_Stored data:_
====================
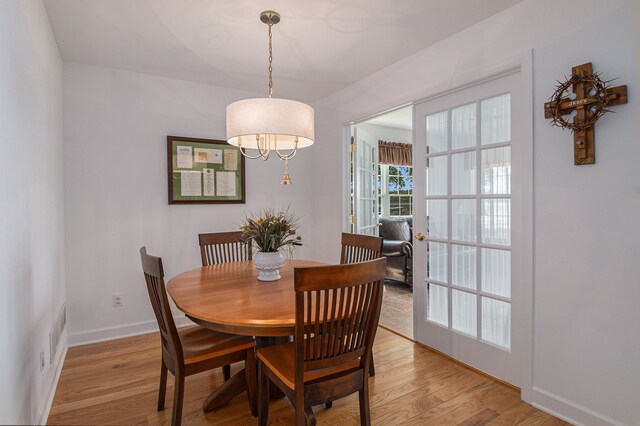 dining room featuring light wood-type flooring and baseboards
====================
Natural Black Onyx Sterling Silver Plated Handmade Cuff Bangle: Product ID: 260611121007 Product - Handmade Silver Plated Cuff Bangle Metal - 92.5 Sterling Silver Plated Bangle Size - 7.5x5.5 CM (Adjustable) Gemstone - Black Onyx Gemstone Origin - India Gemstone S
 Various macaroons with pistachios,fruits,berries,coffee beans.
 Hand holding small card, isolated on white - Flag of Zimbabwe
====================
_What the task asks:_
Starting at the line that contains "Various macaroons with" and stopping after the line that contains "Hand holding small", write out every line exactly as it appears above, and no other line.

_Answer section:_
 Various macaroons with pistachios,fruits,berries,coffee beans.
 Hand holding small card, isolated on white - Flag of Zimbabwe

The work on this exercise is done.